Phillips Morris Pakistan Limited (PMPLK), the country’s second largest tobacco company by market share, plans to bring an additional investment of $100 million to upgrade its existing plants and factories in the South Asian nation.
PMPLK is an affiliate of Phillips Morris International which acquired a majority stake in local business in 2007 with an initial investment of over $700 million and is one of the largest tax-payer companies with employees over 2200. A public limited company, PMPLK is listed on the Karachi and Lahore Stock Exchanges.
Joseph Ziomek, Director Finance and Sekar Menon, Director Corporate Affairs of Philips Morris Pakistan Limited met with Chairman Pakistan’s Board of Investment, Dr. Miftah Ismail, to discuss different investment opportunities available in Pakistan, says an August 18 government announcement.
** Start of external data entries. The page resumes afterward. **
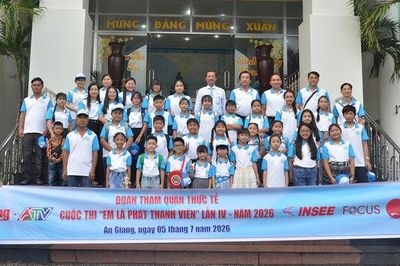 31 thí sinh 'Em là phát thanh viên' trải nghiệm chương trình tham quan thực tế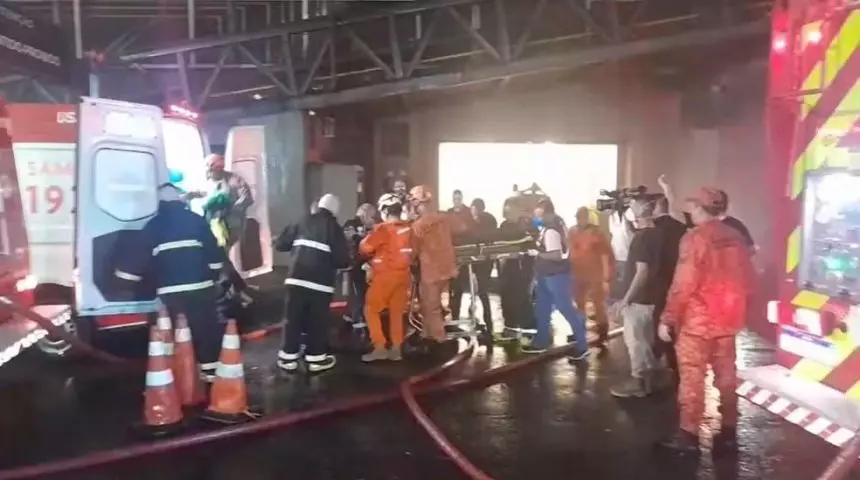 Tragédia no Shopping Tijuca: Incêndio Fatal e Impactos no Fim de Semana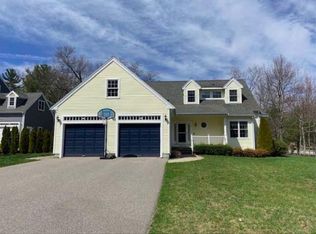 1 Neff Dr, Foxboro, MA 02035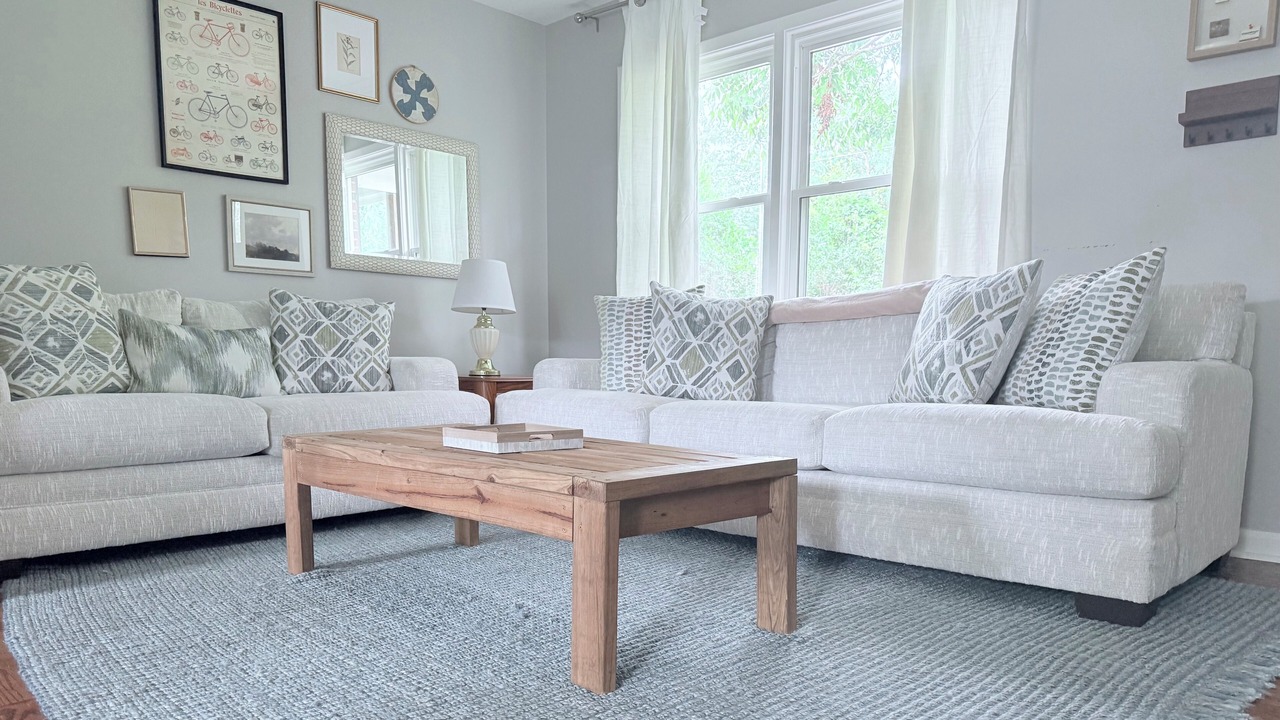 Photo of Livingroom in Clear Brook Estates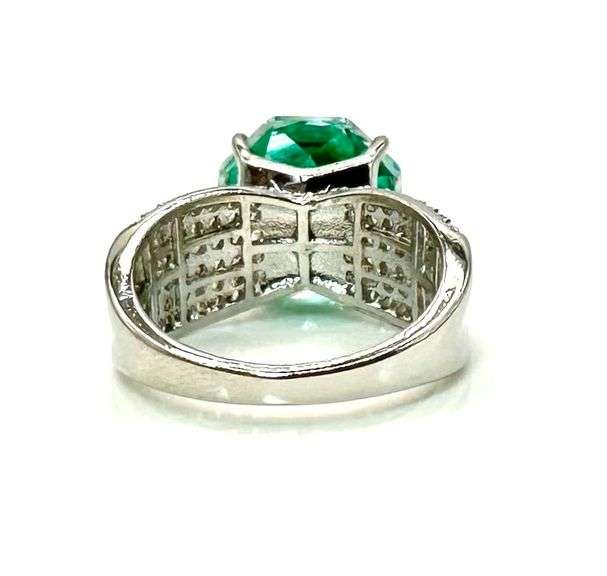 Stunning 14 kt White Gold Plate 5 Ct Rose Cut Simulated Paraiba Tourmaline Ring
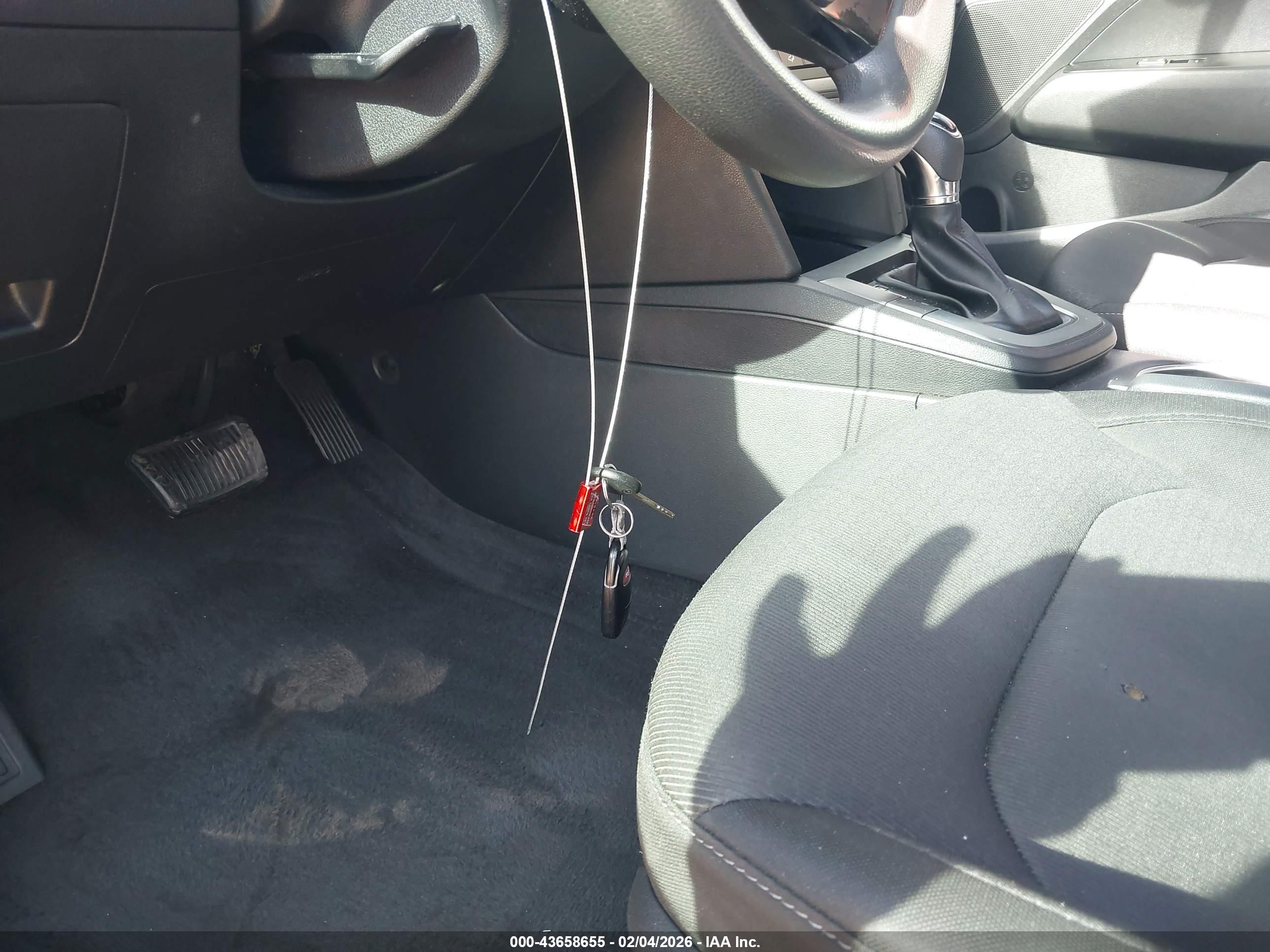 HYUNDAI ELANTRA image 11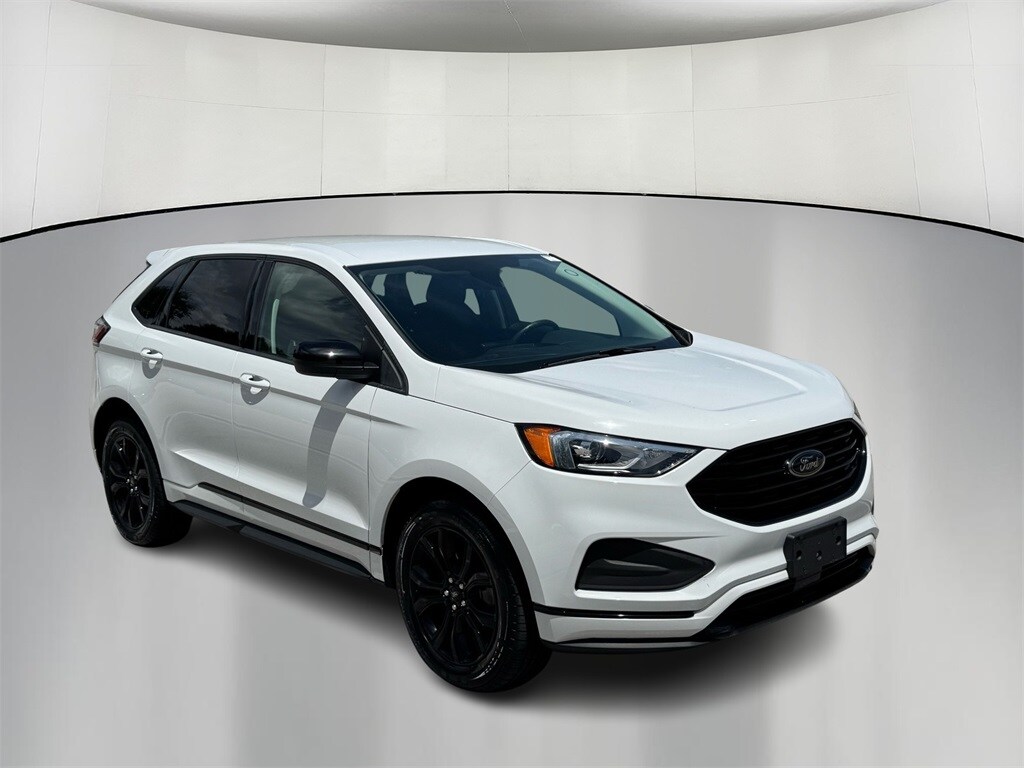 Thumbnail: 2022 Ford Edge - 2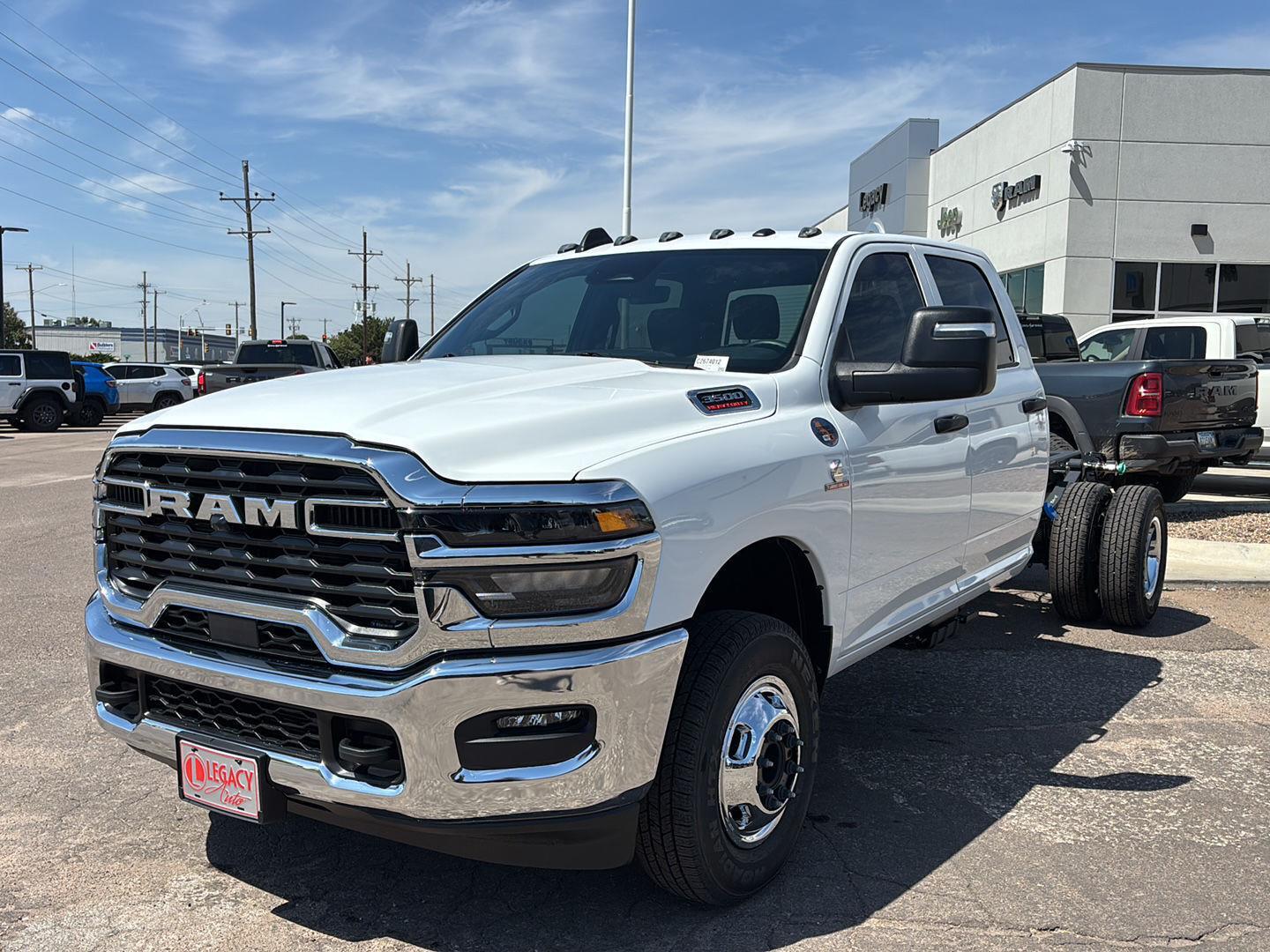 2026 RAM 3500 Chassis 3500 Tradesman Crew Cab Chassis 4x4 60' Ca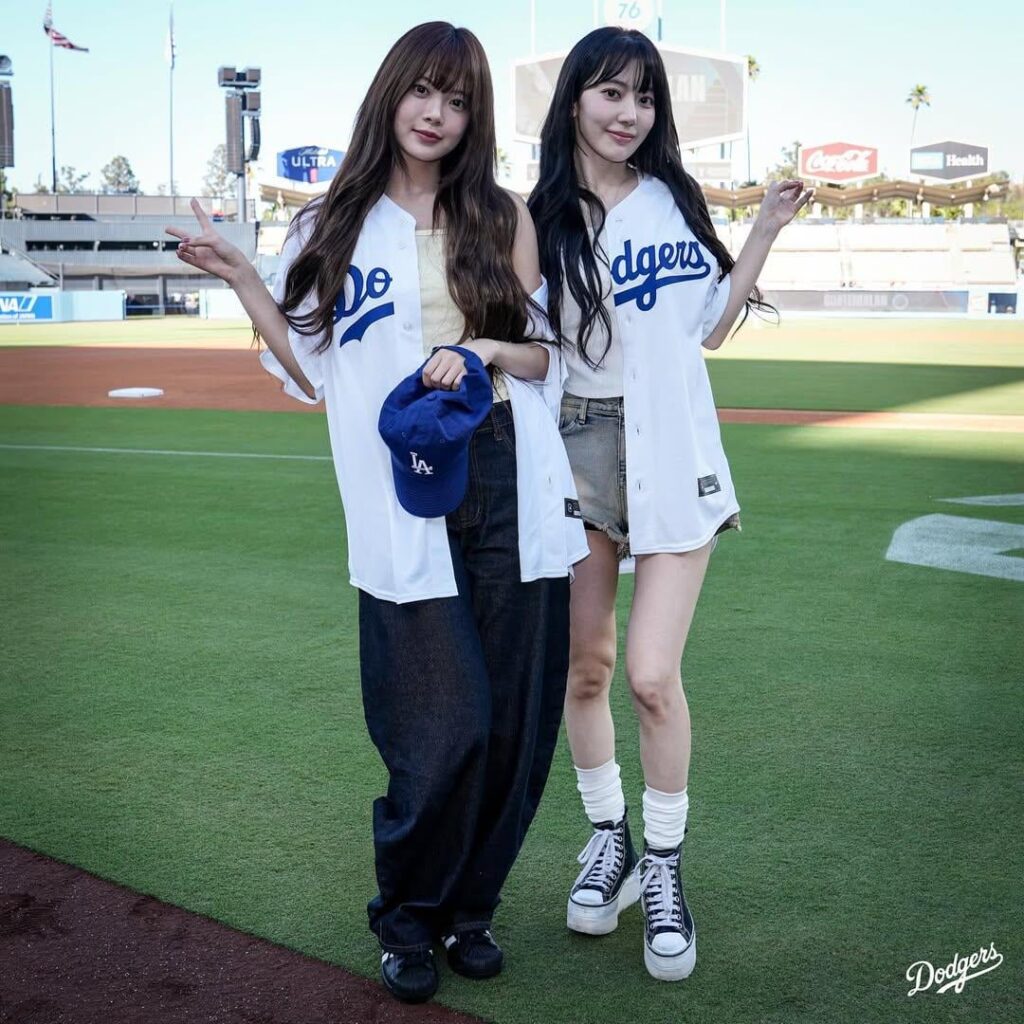 250910 Los Angeles Dodgers Instagram Update مع Miyawaki Sakura & Hong Eunchae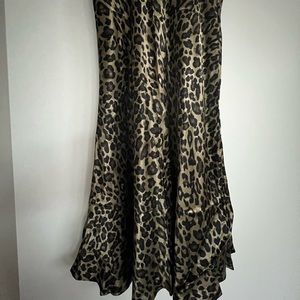 Zara Midi Silk like skirt. Leopard. Size M. Hips:22”, length 32.5”, waist:14”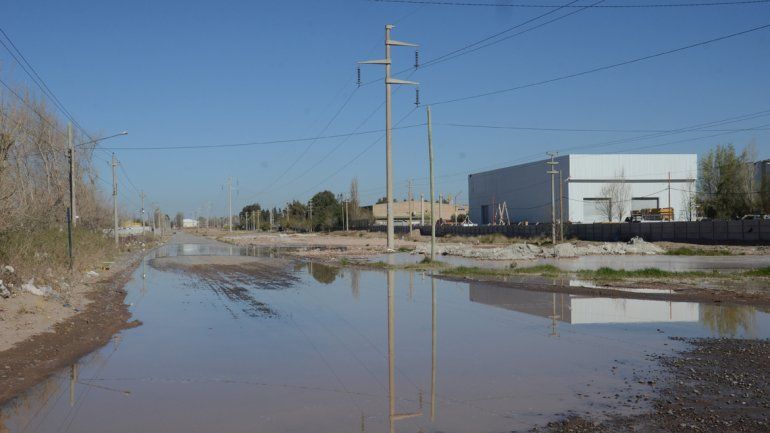 Una laguna natural por napas se desbordó en la calle Enrique Mosconi.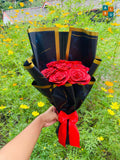7 Ribbon Roses Bouquet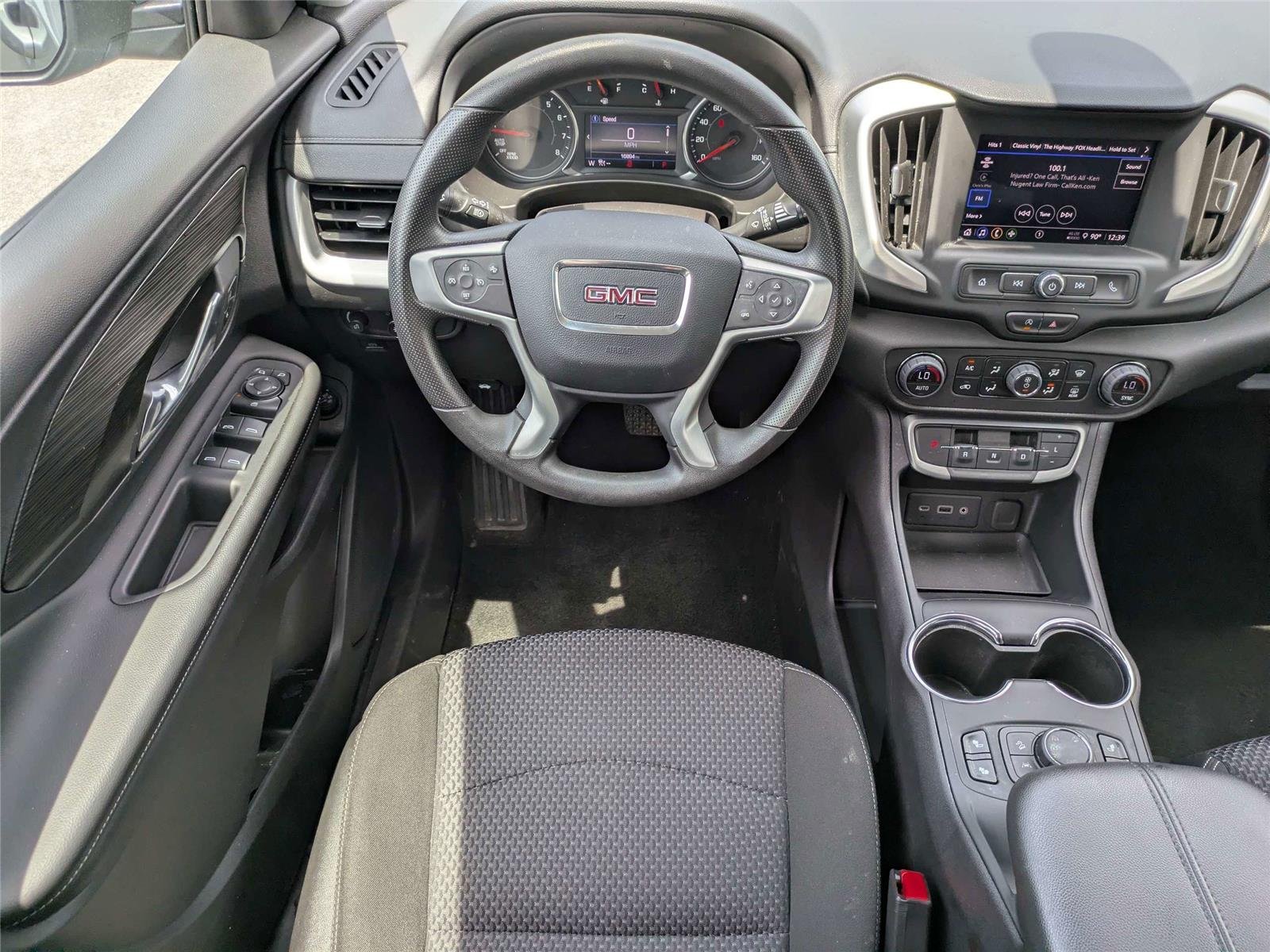 Used 2024 Sterling Metallic GMC SLE image 19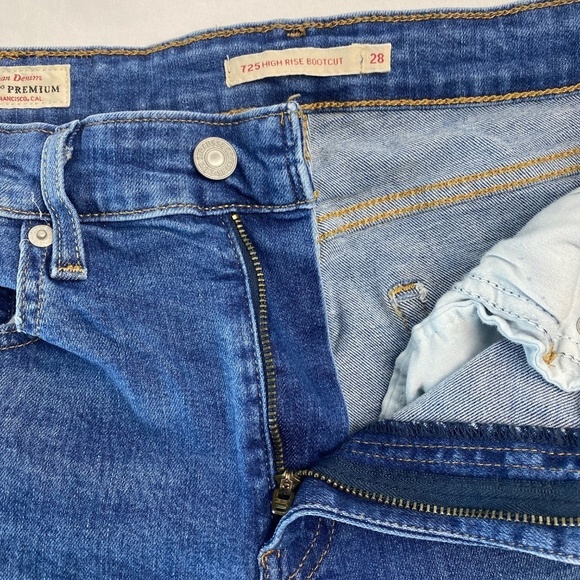 LEVI’S Premium 725 High Rise Bootcut Women’s Jeans Medium Wash Size 28W/30L* - Picture 5 of 10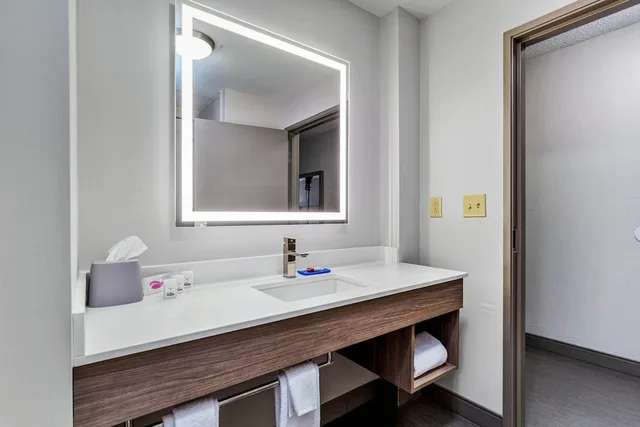 غرفة قياسية بسريرين كوين، Holiday Inn Express New Albany 5/8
Ismail informed them that Pakistan has one of the most liberal foreign investment regimes in South Asia. 100% foreign equity is permitted in the manufacture and infrastructure sectors as the country has a more market-oriented economy, with rapidly growing private sector.
Currently, PMPKL has a tobacco-leaf threshing plant, three cigarette manufacturing factories and sales offices across the country.
Pakistan has a huge number of smoking tobacco consumers which is common both in urban and rural areas. People in rural areas usually smoke Hukkah (water pipes) which use raw tobacco, while in urban areas use Sheesha and cigarettes.
According to a National Health Survey of Pakistan in 2005, one out of every two to three middle-aged men smoked cigarettes. Overall prevalence of smoking in 2005 was 15.2 percent. The highest prevalence was reported in men aged 40-49 years, accounting for nearly 41 percent of Pakistan’s total smokers.